Starting at the line with "a living room", copy each line through the last one below exactly as written, without any pictures.
(Beginning of Data in this exercise)
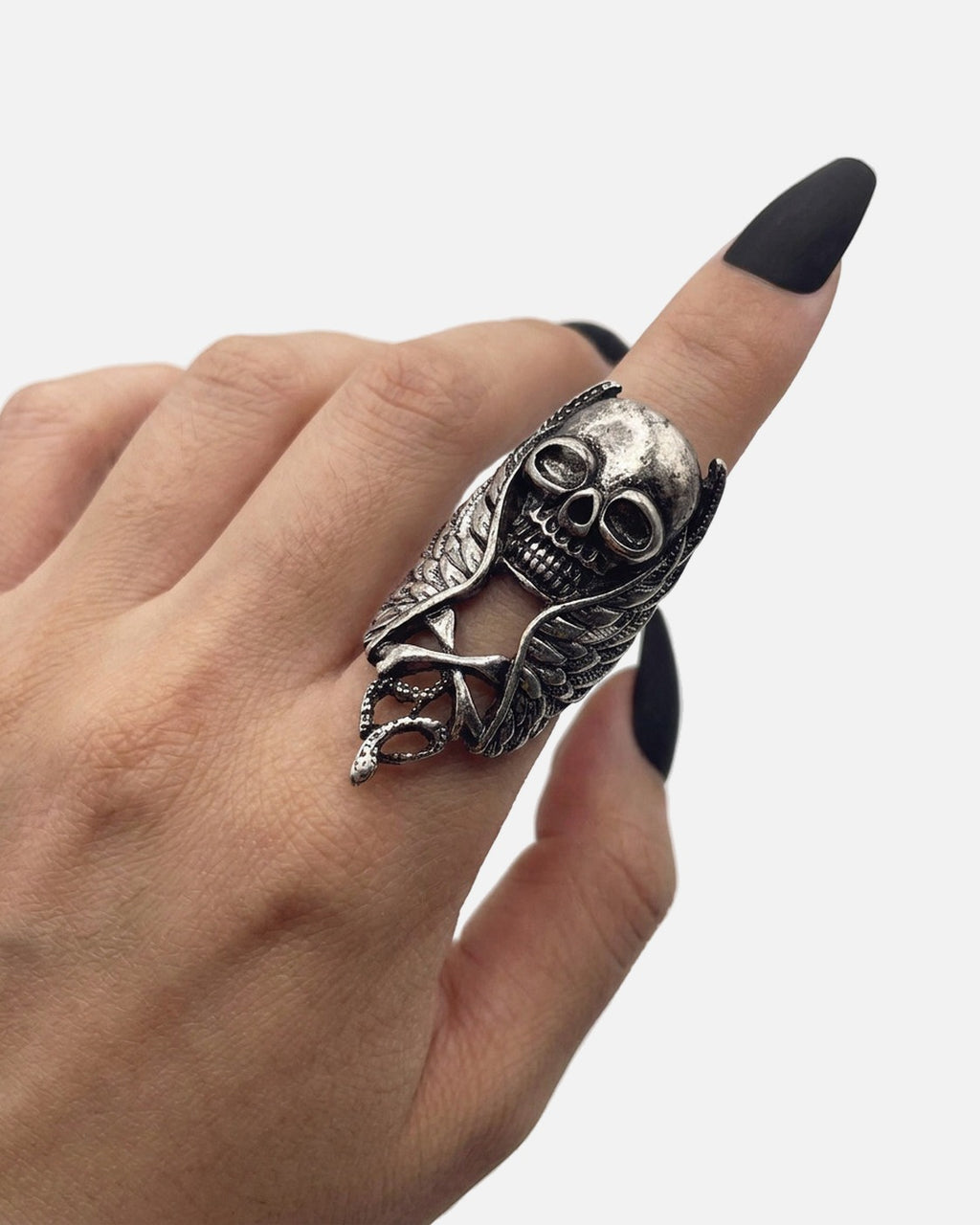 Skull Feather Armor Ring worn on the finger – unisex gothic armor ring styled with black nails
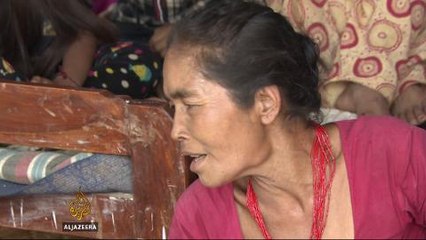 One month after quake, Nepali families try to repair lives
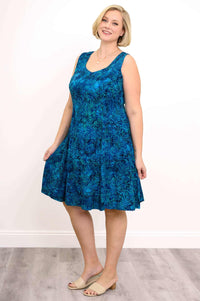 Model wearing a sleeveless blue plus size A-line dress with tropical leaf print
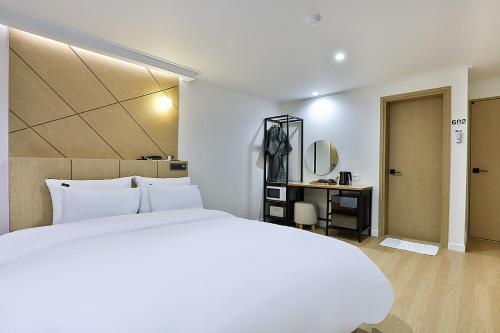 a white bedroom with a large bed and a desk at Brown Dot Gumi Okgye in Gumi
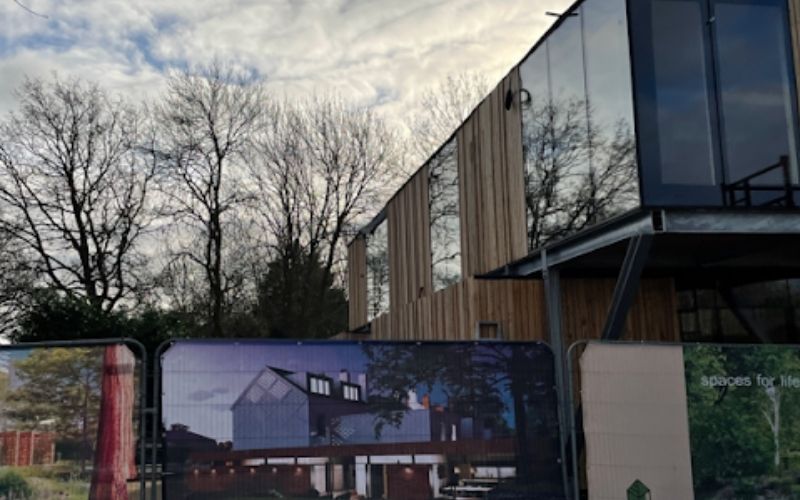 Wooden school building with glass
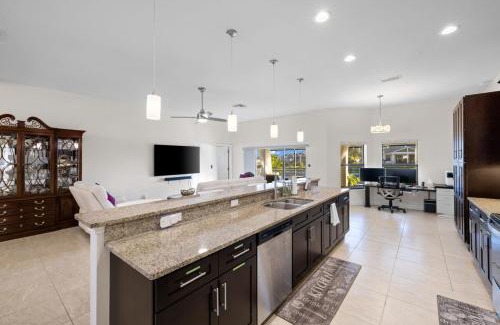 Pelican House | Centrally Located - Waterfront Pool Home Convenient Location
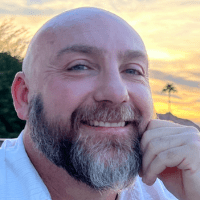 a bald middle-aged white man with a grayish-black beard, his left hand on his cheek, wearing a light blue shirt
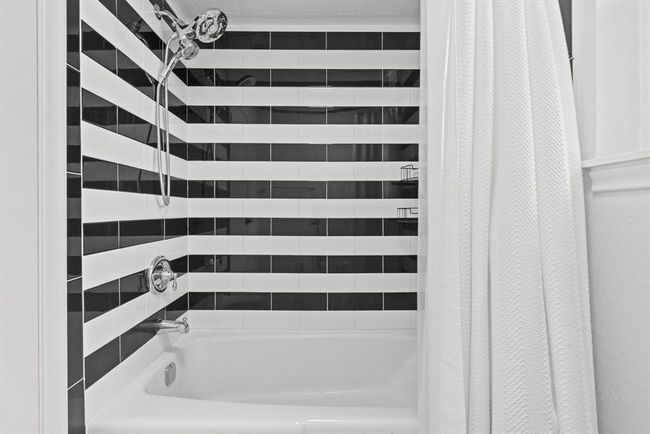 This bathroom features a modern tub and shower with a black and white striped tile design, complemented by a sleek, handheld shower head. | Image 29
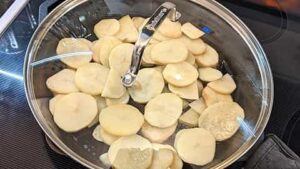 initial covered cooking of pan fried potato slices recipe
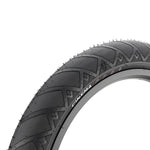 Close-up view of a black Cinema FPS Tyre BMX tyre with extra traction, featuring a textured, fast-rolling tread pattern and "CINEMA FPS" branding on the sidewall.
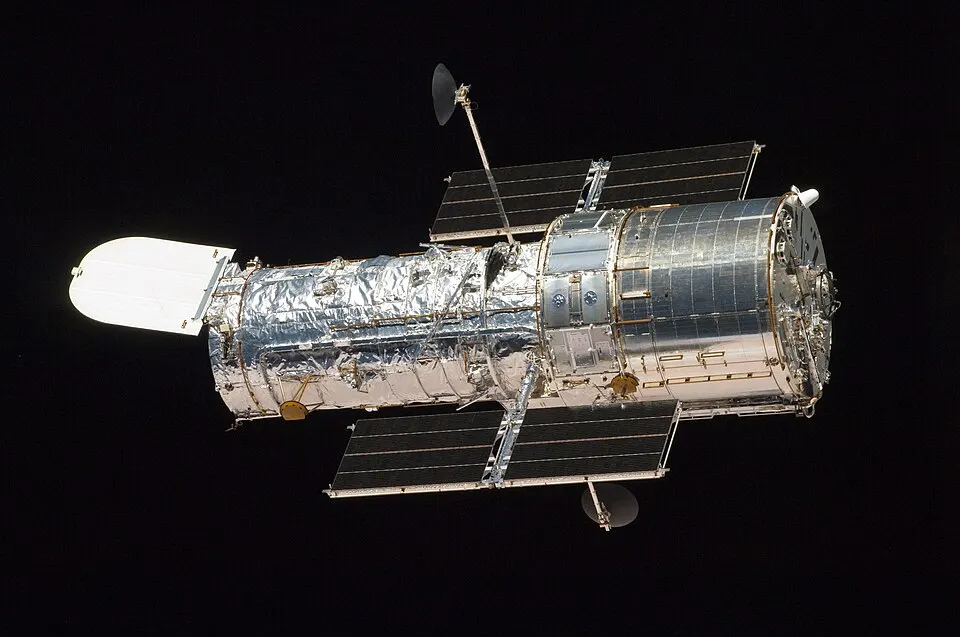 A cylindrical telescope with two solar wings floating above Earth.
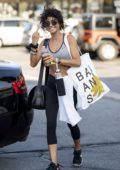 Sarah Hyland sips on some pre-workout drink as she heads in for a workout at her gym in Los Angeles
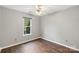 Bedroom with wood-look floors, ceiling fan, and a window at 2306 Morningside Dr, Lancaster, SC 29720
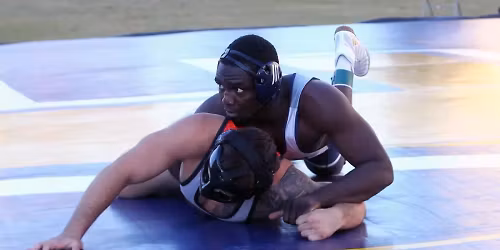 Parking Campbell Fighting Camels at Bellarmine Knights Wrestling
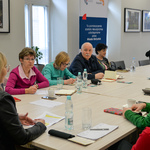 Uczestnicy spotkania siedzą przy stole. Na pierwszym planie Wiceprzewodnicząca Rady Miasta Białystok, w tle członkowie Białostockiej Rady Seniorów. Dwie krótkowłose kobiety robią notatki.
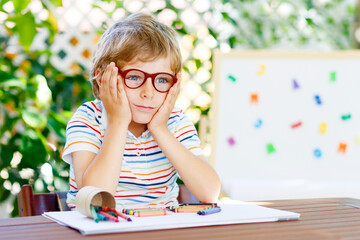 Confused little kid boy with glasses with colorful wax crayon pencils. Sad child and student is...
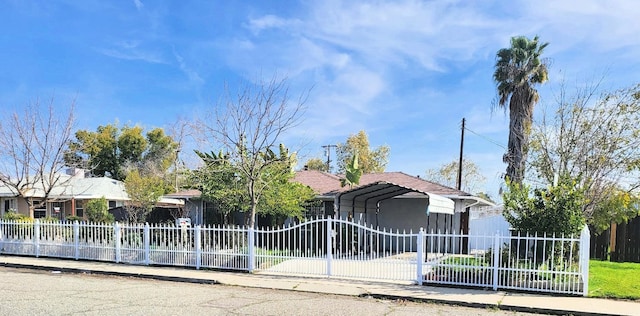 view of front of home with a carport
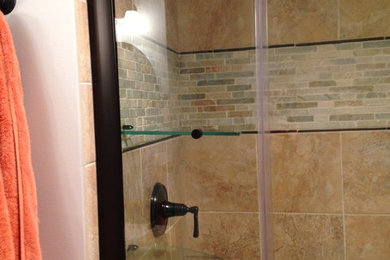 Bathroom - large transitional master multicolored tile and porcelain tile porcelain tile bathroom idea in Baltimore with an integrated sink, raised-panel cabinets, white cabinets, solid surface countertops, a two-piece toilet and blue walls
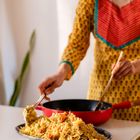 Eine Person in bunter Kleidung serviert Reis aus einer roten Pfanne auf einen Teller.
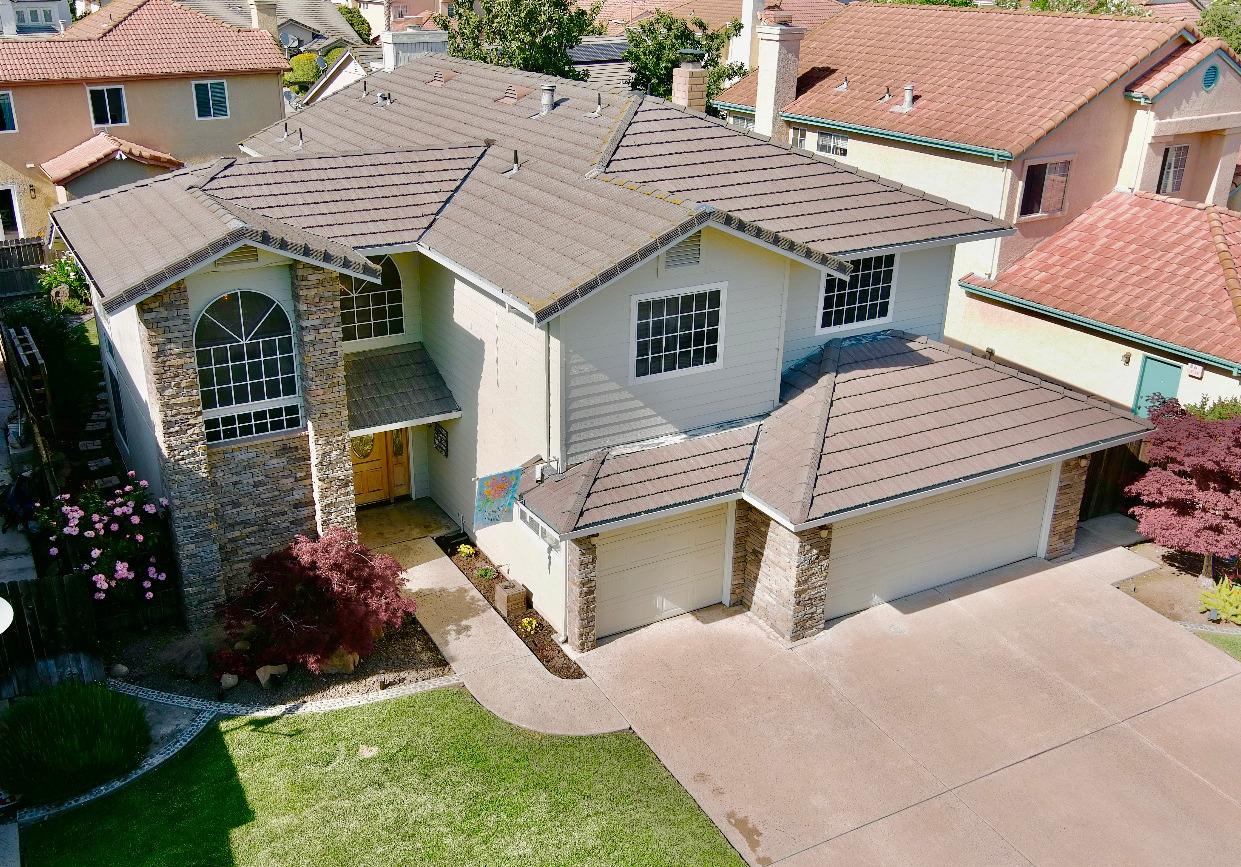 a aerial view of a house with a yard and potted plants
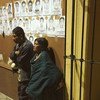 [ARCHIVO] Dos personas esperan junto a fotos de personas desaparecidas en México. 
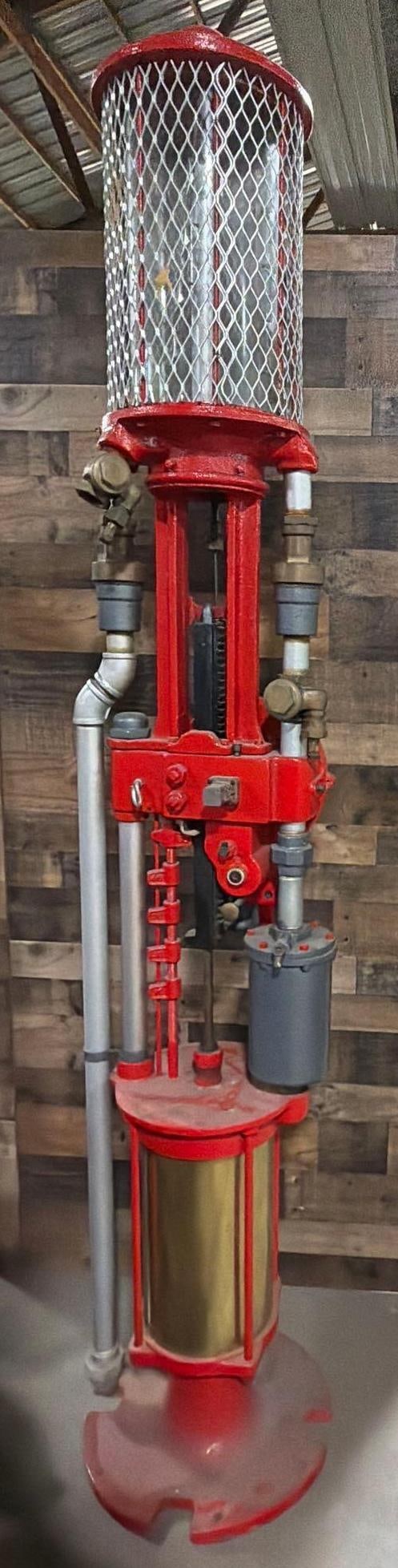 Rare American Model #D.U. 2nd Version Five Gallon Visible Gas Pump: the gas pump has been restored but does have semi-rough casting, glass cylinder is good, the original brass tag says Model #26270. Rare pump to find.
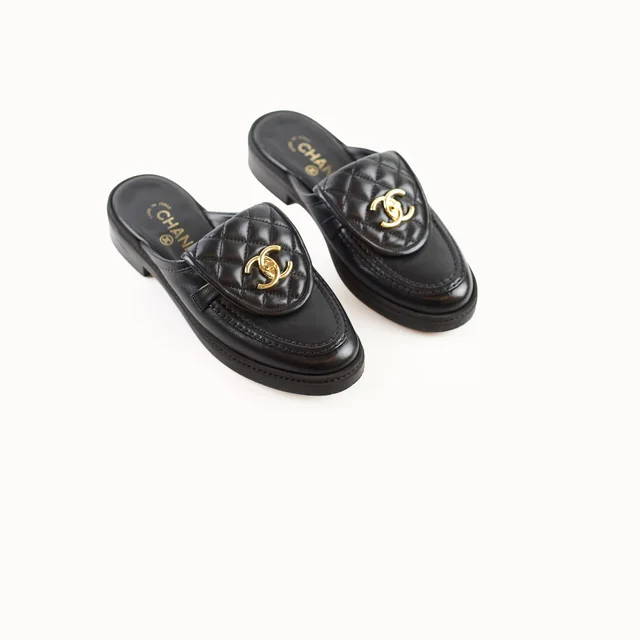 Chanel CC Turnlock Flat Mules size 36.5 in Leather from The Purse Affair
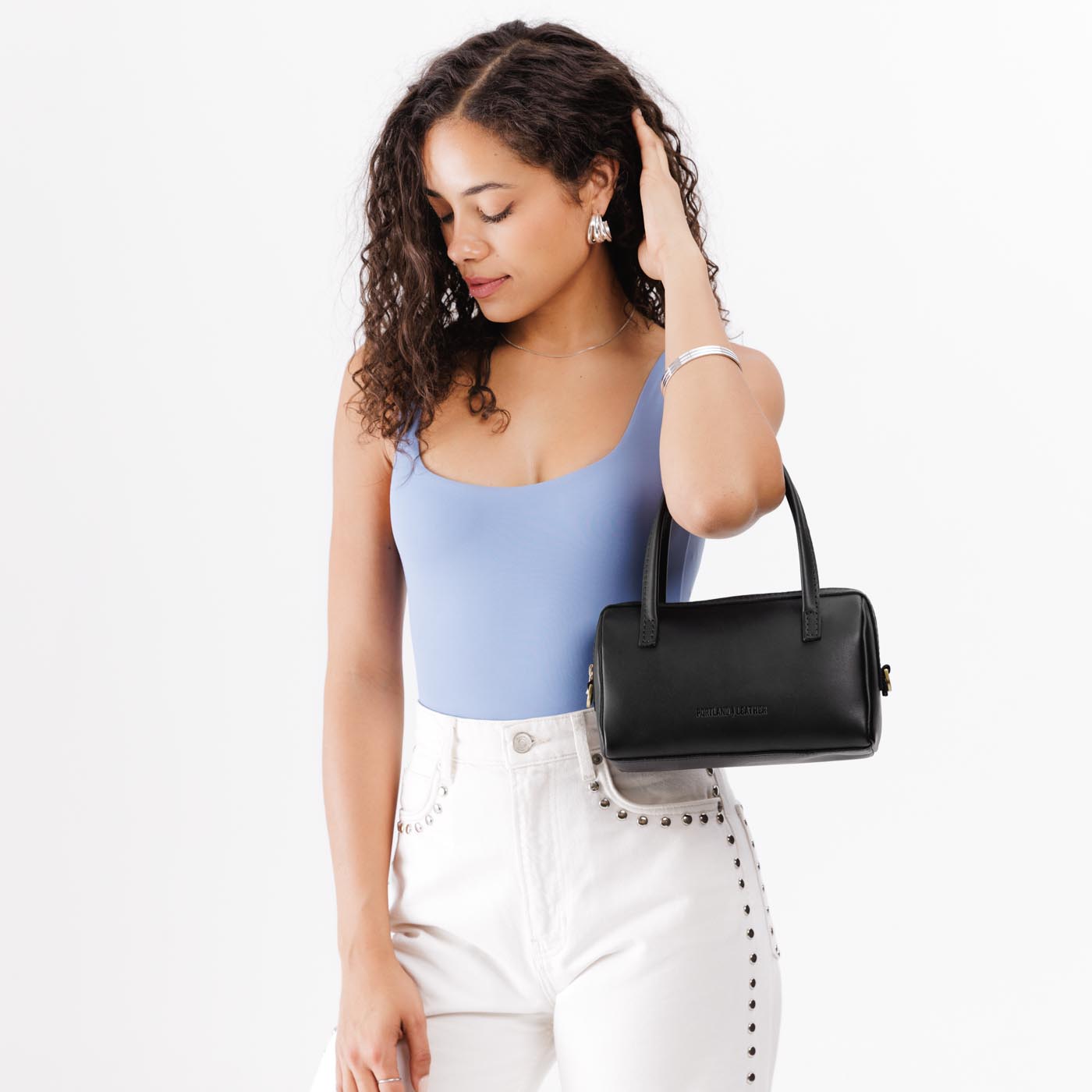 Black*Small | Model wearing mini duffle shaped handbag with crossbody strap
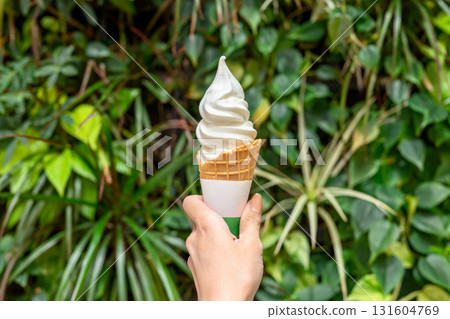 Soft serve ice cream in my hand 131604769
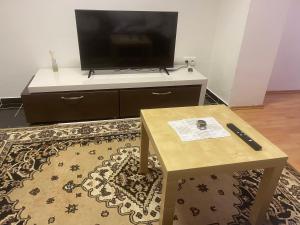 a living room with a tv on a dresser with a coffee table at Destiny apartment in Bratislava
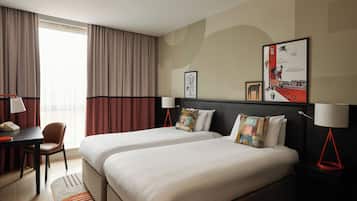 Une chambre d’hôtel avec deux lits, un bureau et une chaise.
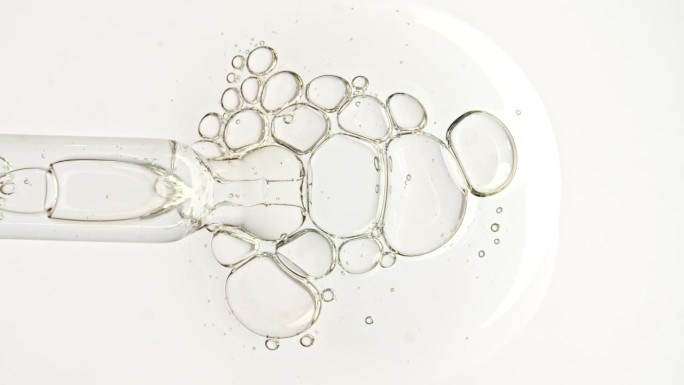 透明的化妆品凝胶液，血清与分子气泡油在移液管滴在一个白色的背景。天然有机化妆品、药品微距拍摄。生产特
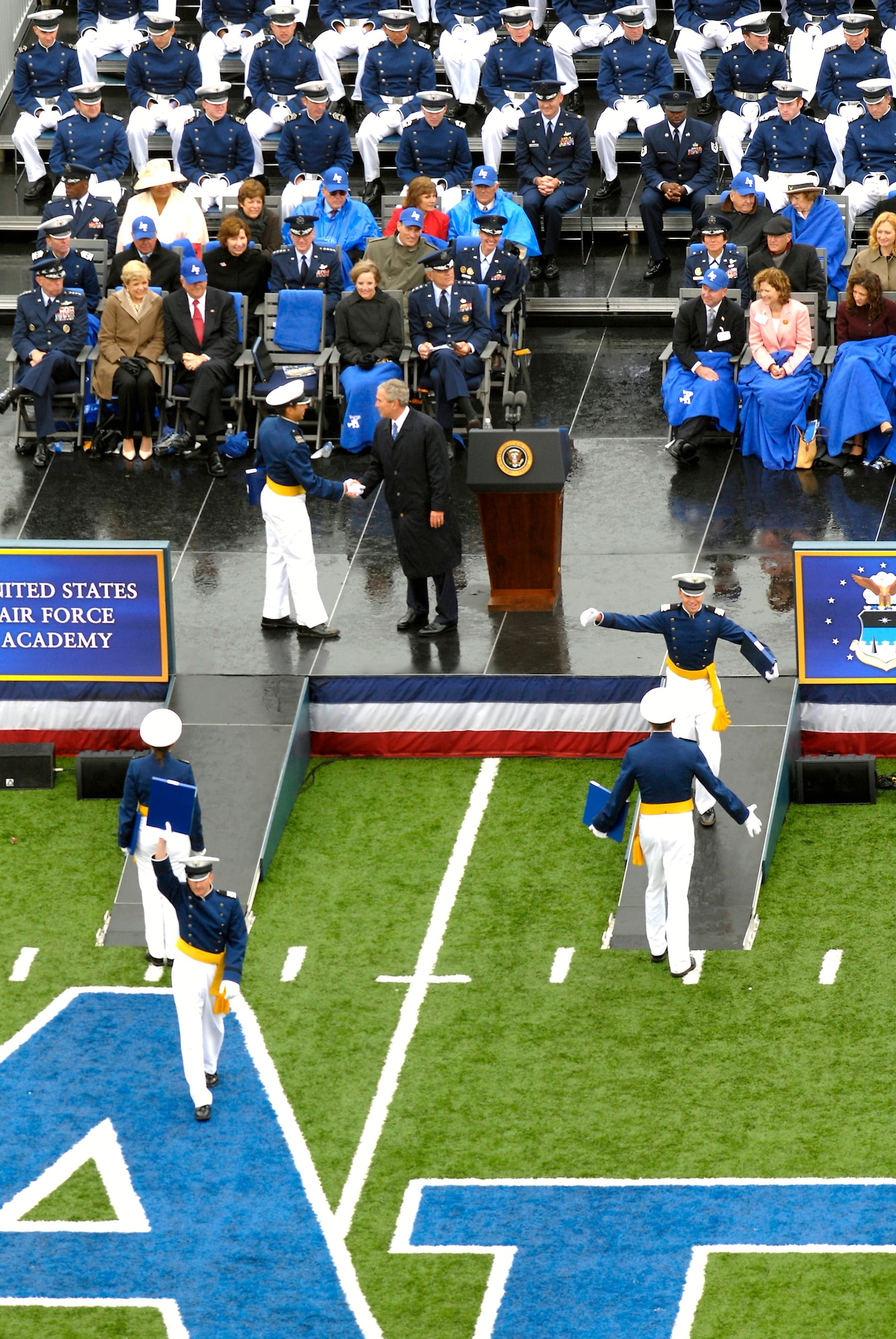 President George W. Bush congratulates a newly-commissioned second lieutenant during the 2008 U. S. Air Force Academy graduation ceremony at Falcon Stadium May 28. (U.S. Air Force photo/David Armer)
(End of Data in this exercise)
Output:
 a living room with a tv on a dresser with a coffee table at Destiny apartment in Bratislava
 Une chambre d’hôtel avec deux lits, un bureau et une chaise.
 透明的化妆品凝胶液，血清与分子气泡油在移液管滴在一个白色的背景。天然有机化妆品、药品微距拍摄。生产特
 President George W. Bush congratulates a newly-commissioned second lieutenant during the 2008 U. S. Air Force Academy graduation ceremony at Falcon Stadium May 28. (U.S. Air Force photo/David Armer)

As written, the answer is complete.